### RECORDS
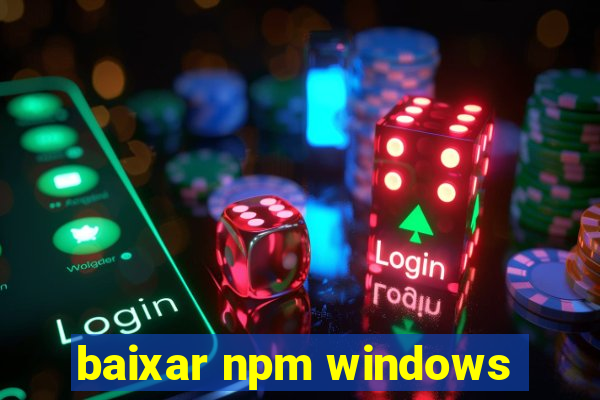 baixar npm windows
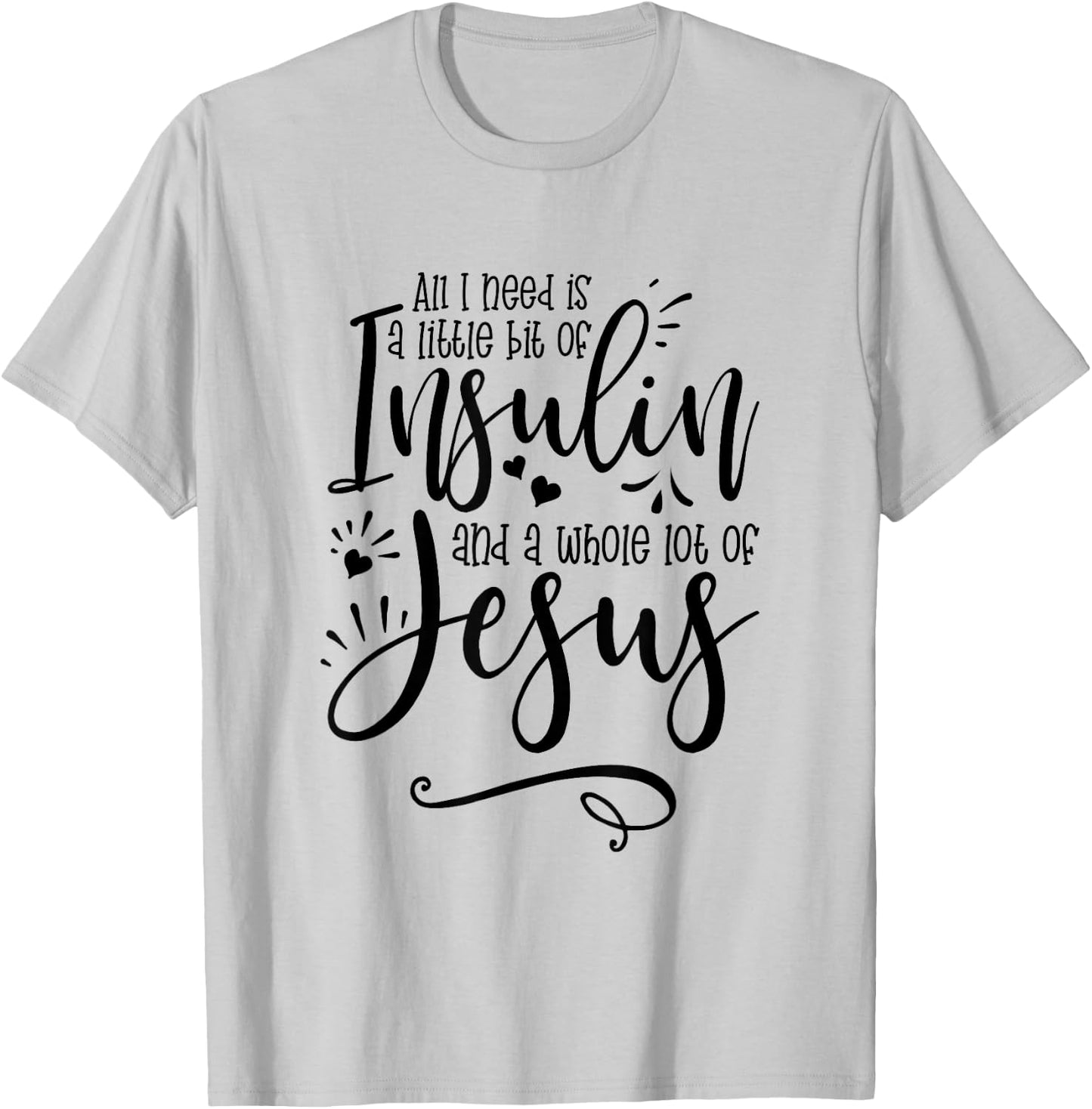 All I Need Is Insulin And Jesus T-Shirt - T-Shirt | Ash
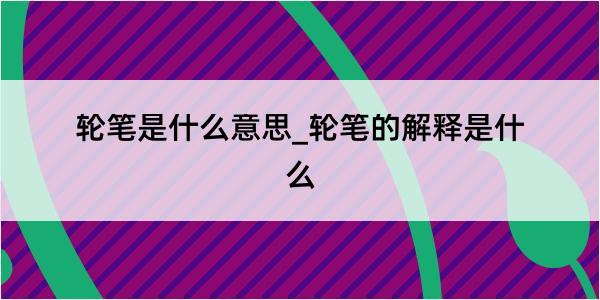 轮笔是什么意思_轮笔的解释是什么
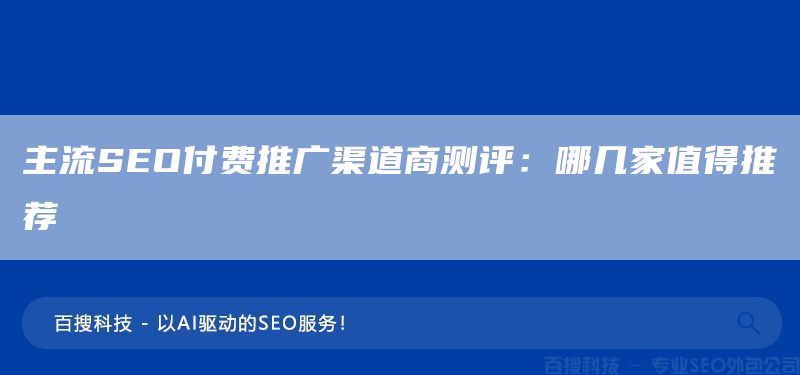 主流SEO付费推广渠道商测评：哪几家值得推荐​(图1)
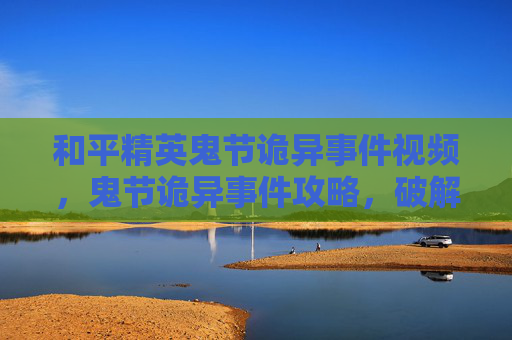 和平精英鬼节诡异事件视频，鬼节诡异事件攻略，破解未知幻境，精准应对危险，安全开启刺激冒险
######
| EXERCISE |
Return, exactly as they appear, the lines from the line containing "轮笔是什么意思_轮笔的解释是什么" through the end of the records above, both ends included, without pictures.

| WRITTEN SOLUTION |
 轮笔是什么意思_轮笔的解释是什么
 主流SEO付费推广渠道商测评：哪几家值得推荐​(图1)
 和平精英鬼节诡异事件视频，鬼节诡异事件攻略，破解未知幻境，精准应对危险，安全开启刺激冒险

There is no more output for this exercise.